If the average person in your game is a 0-level or first level character, imagine how terrifying an opponent a determined high-level fighter would be if they just randomly went on a methodical rampage. If you manage to land a hit, they shrug off damage that would instantly kill a normal human. If you lure them into a trap, they effortlessly make their saving throw. You'd best find a way to stop them without rolling any dice, because the math favors them every time. And they're not stupid: they use tools and tactics. They use the environment to their advantage. They leave their own traps for you. And they won't be talked down or bargained with.
Imagine an invisible presence picking off your friends one by one. In a world of magic, your mind jumps to distracting speculation about monsters and spirits, while some asshole with a knife just walks up behind you. It's the most obvious, the most natural thing in the world. No one hears you die.
Sure, wizards are bad news. But don't underestimate the old man in the swamp or the jolly jester.
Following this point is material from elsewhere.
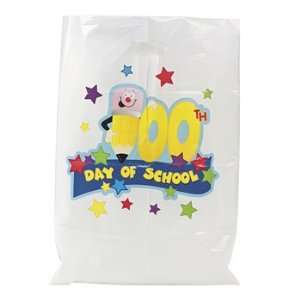  50 100th Day Of School Bags   Teacher Resources & Teacher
*I guess you could interpret the killers as ambiguously supernatural in the earlier films if your mind's eye squints a little, but I don't recall any such speculation among the characters to that effect (other than some talk of the "boogeyman" in Halloween that I took as metaphorical), and there's nothing to confirm any magical aspects to the villains until later entries in the series. If Friday the 13th ended with the fourth or fifth installment, Jason Voorhees could easily just be a scary dude in a mask instead of some kind of super-zombie. I haven't seen as many of the Halloween movies, but I hear the situation is similar. Michael Myers just struck me as a mortal man with a scary mind in his debut film. Granted, he did some pretty improbable things, but I chalked that up to movie magic rather than literal in-universe magic. My point is that Voorhees and Myers don't need to be supernatural.